(Material provided)
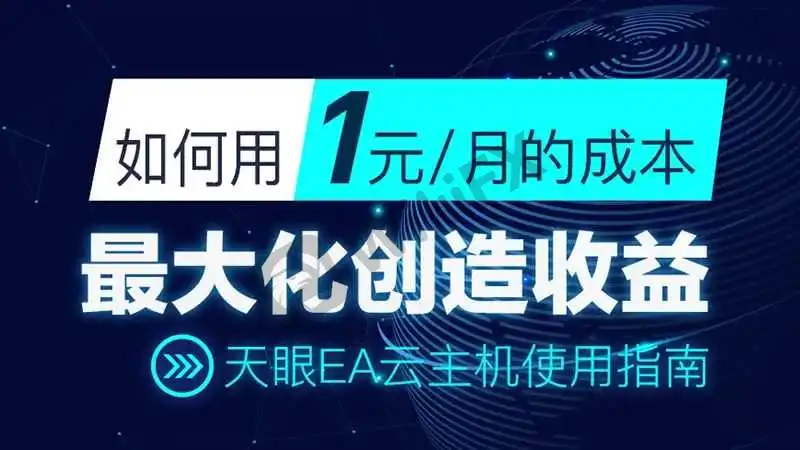 <b>申请</b>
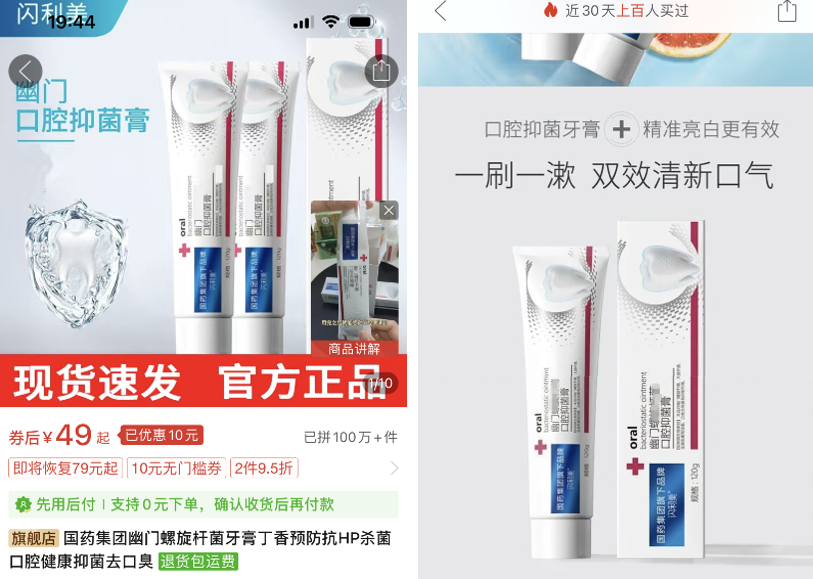 图片来源：网购平台相关产品详情截图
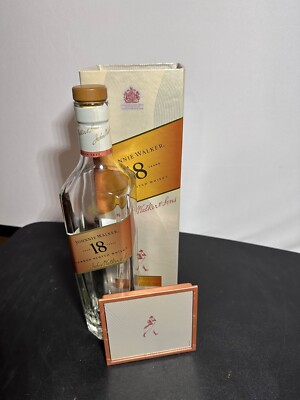 Johnnie Walker 18 Collectible EMPTY Glass Crystal Bottle with Box - 750 ml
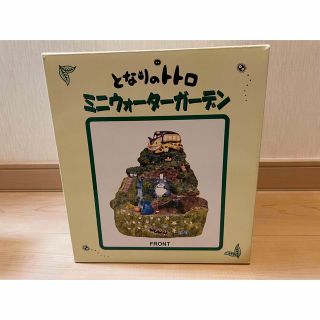 ジブリ(ジブリ)のジブリ「となりのトトロ」ジオラマ風  ミニウォーターガーデン「釣りに行こう」(キャラクターグッズ)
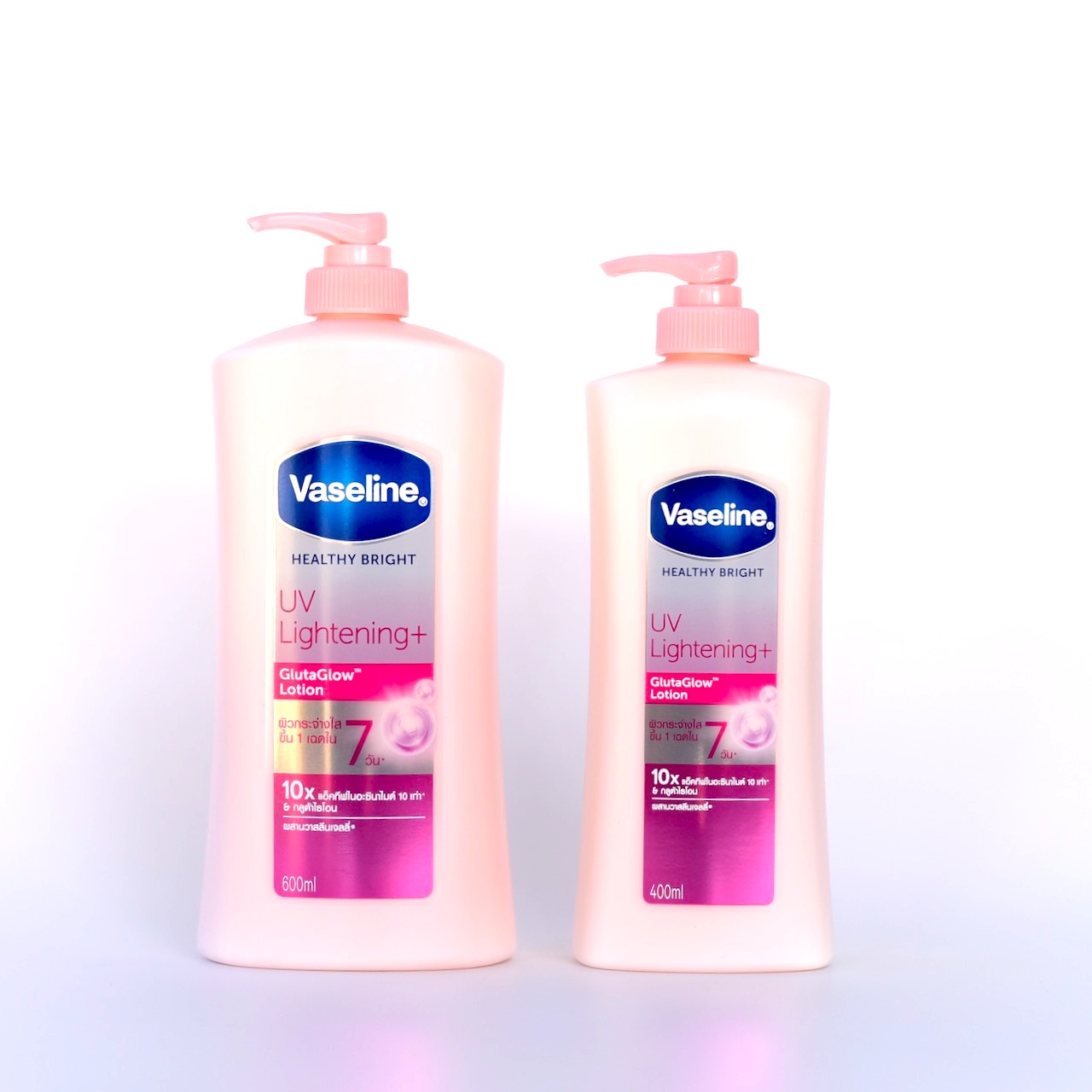 Vaseline dưỡng thể trắng da tác động 10x có chống nắng UV  Thái Lan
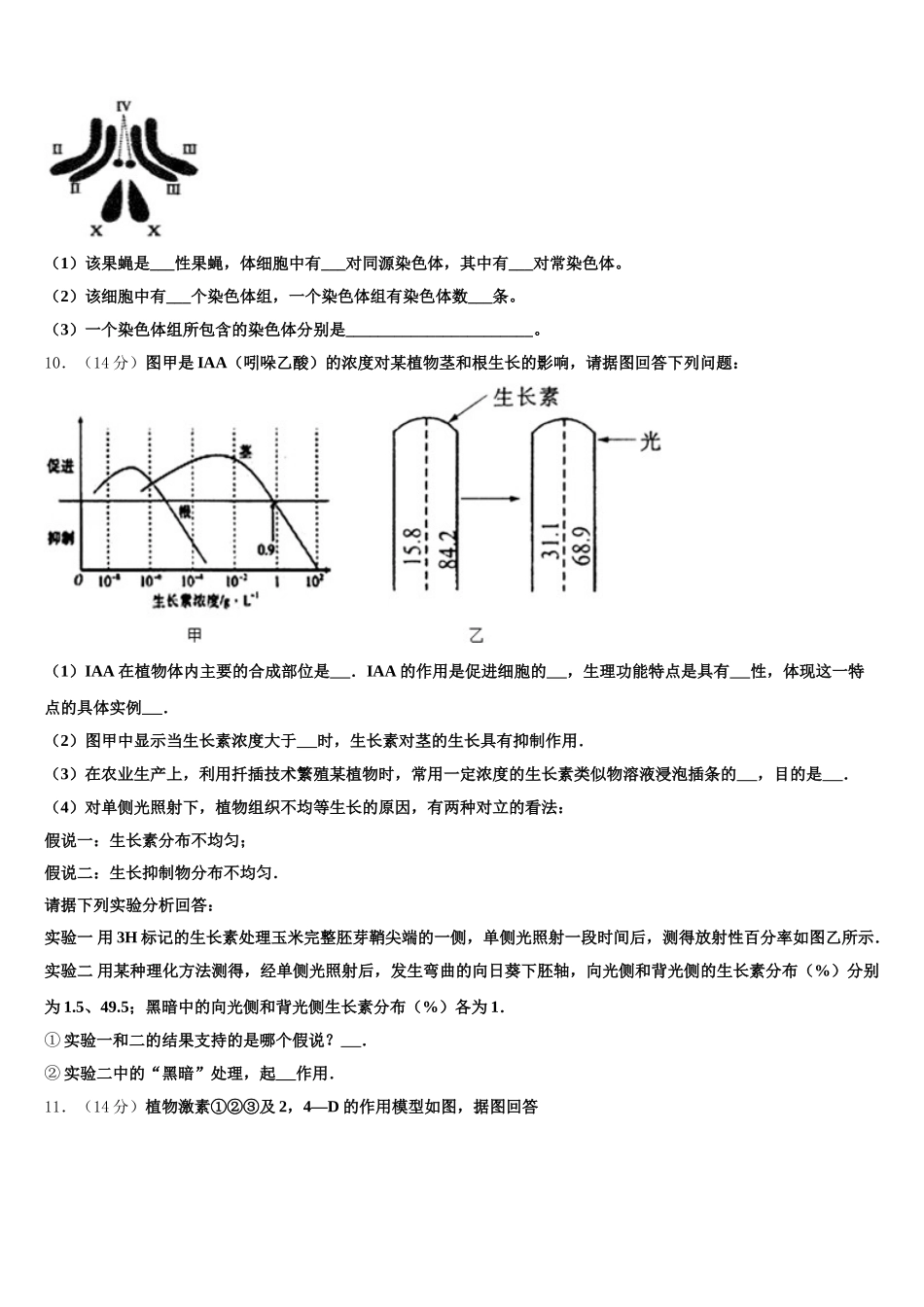 2025年陕西省商洛市高一下生物期末检测试题含解析_第3页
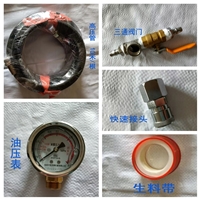 高壓管道封堵氣囊配件耐震油壓表三通閥門(mén)快速接頭10米高壓管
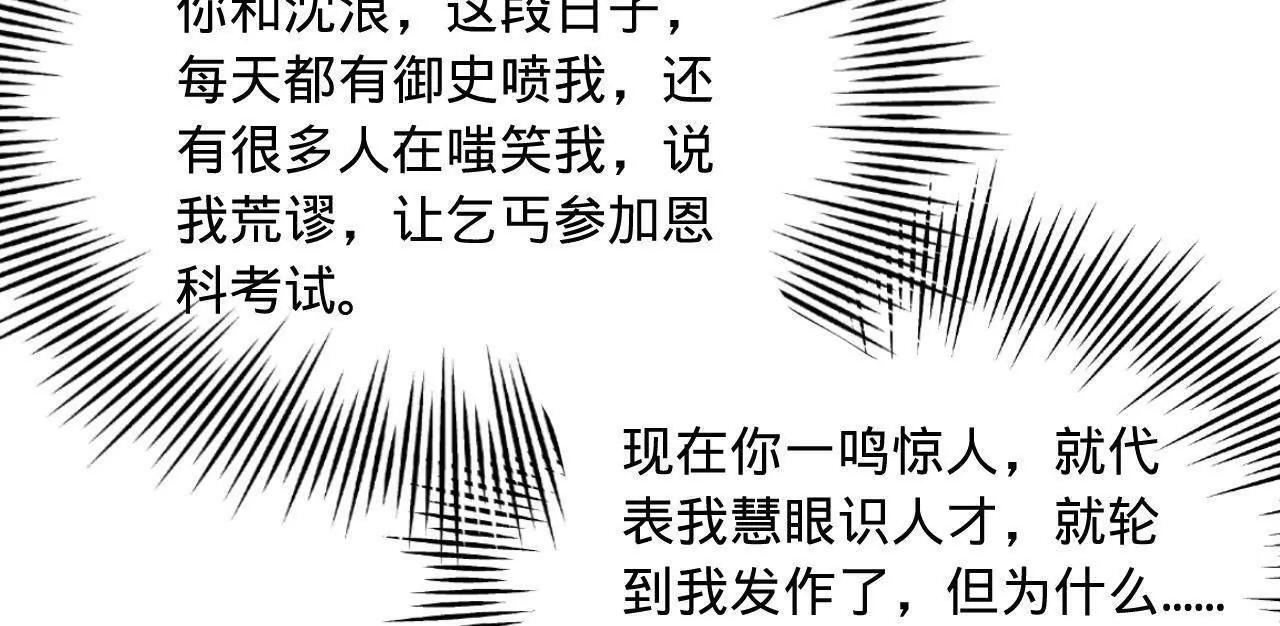 329 武举开考！ 第23页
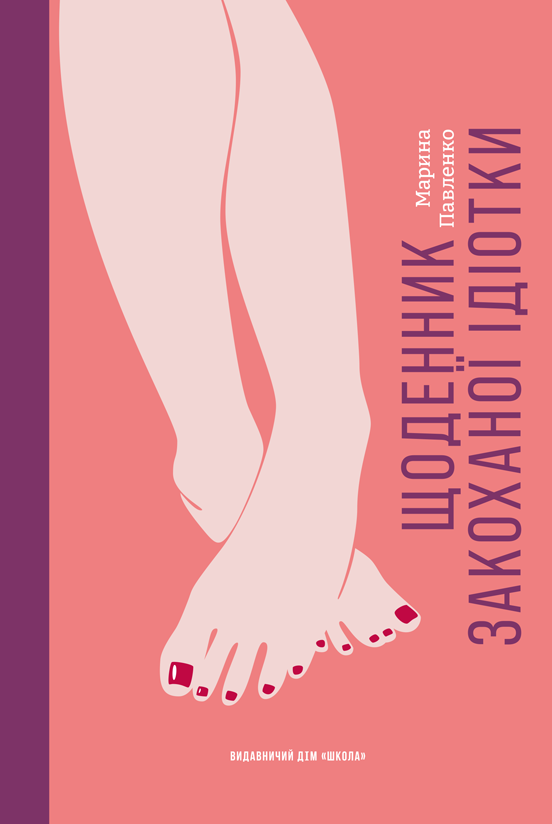 Щоденник закоханої ідіотки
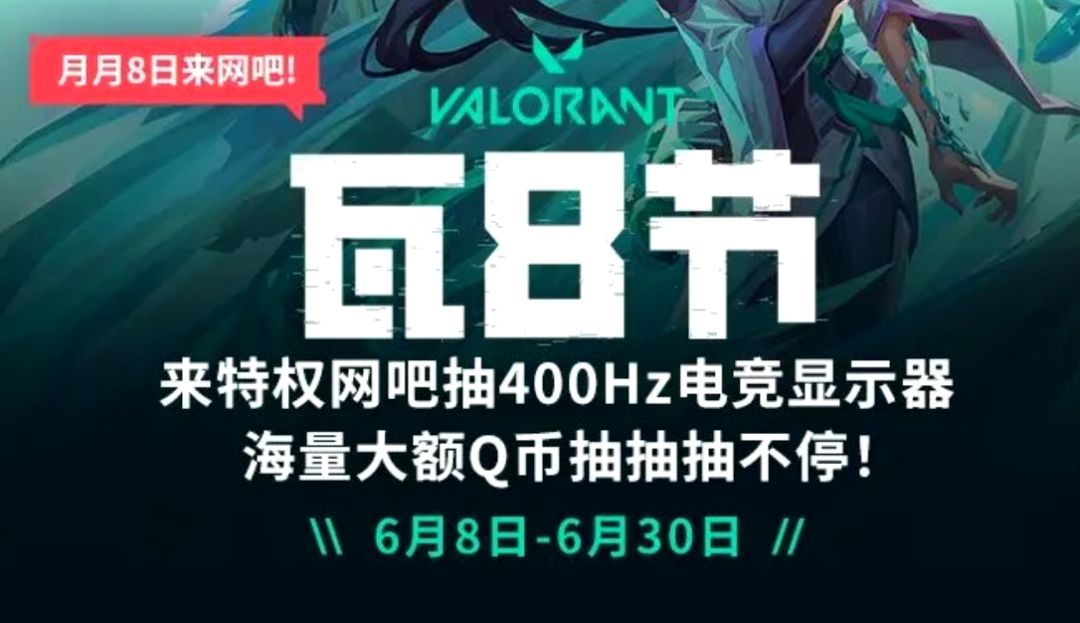 瓦8节狂撒币!无畏契约白嫖显示器! 1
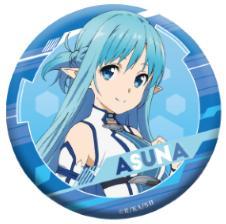Sword Art Online Double Flash Pin Badge (Kirito / Asuna)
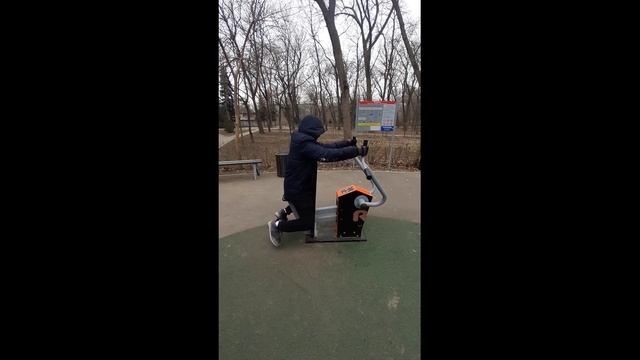 тренеровка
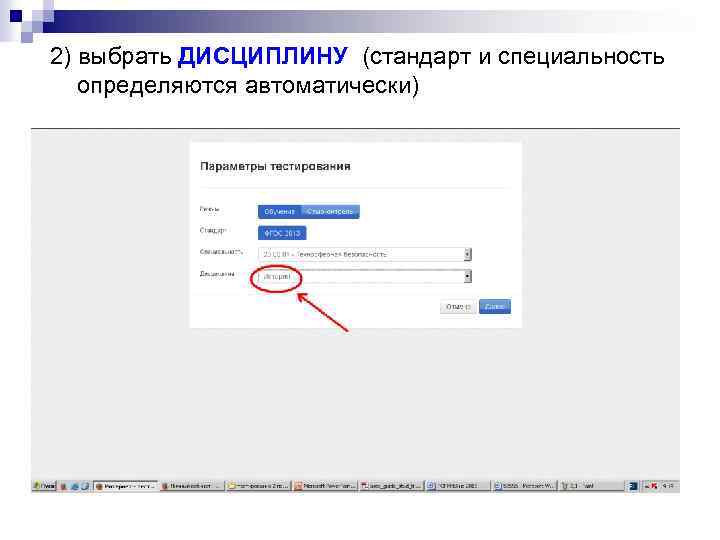 2) выбрать ДИСЦИПЛИНУ (стандарт и специальность определяются автоматически) 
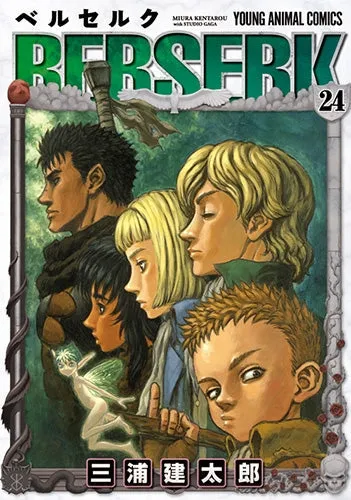 [t](Book - Comic) Berserk Vol. 142 [42 Book Set]
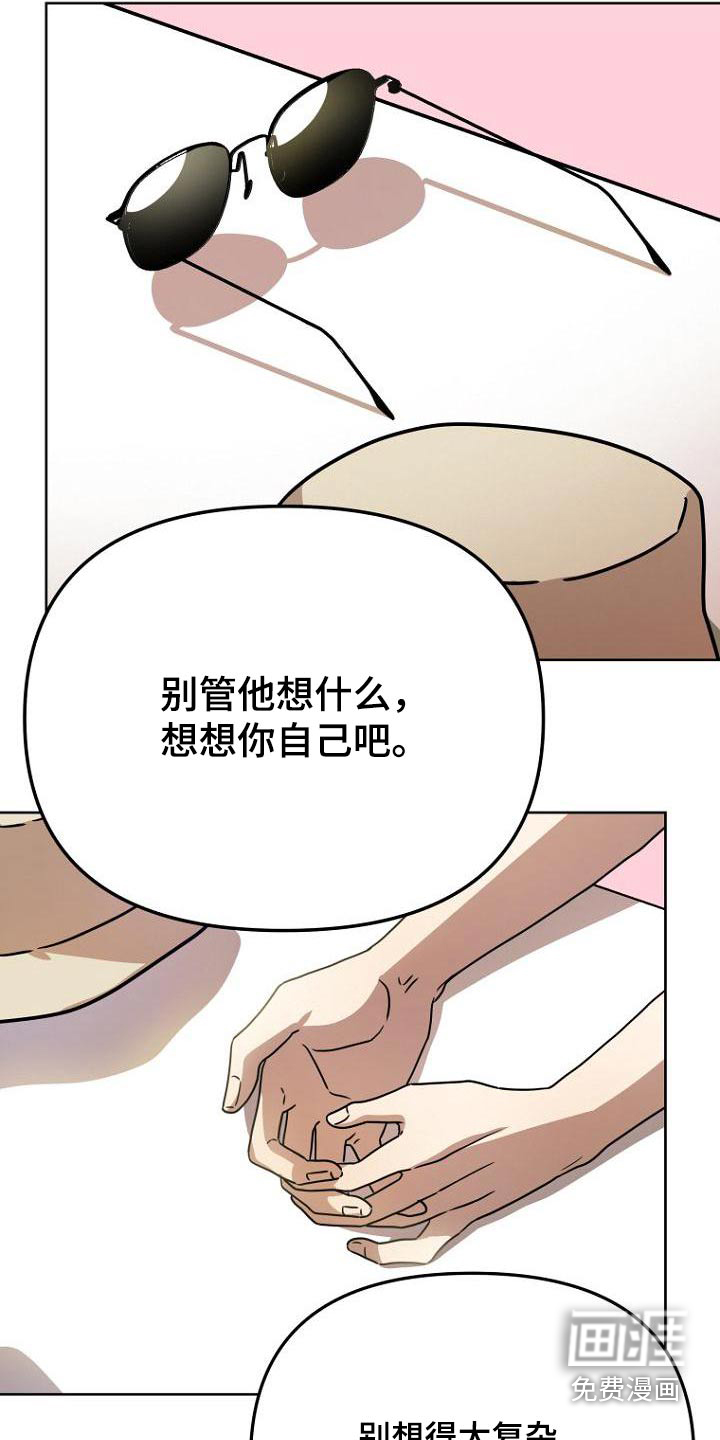 第47话8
(End Material provided)
■ **How to complete this task**
Are you able to set down all the lines above exactly, without any pictures?

■ **Worked solution**
 <b>申请</b>
 图片来源：网购平台相关产品详情截图
 Johnnie Walker 18 Collectible EMPTY Glass Crystal Bottle with Box - 750 ml
 ジブリ(ジブリ)のジブリ「となりのトトロ」ジオラマ風  ミニウォーターガーデン「釣りに行こう」(キャラクターグッズ)
 Vaseline dưỡng thể trắng da tác động 10x có chống nắng UV  Thái Lan
 2025年陕西省商洛市高一下生物期末检测试题含解析_第3页
 高壓管道封堵氣囊配件耐震油壓表三通閥門(mén)快速接頭10米高壓管
 329 武举开考！ 第23页
 Щоденник закоханої ідіотки
 瓦8节狂撒币!无畏契约白嫖显示器! 1
Sword Art Online Double Flash Pin Badge (Kirito / Asuna)
 тренеровка
 2) выбрать ДИСЦИПЛИНУ (стандарт и специальность определяются автоматически) 
 [t](Book - Comic) Berserk Vol. 142 [42 Book Set]
 第47话8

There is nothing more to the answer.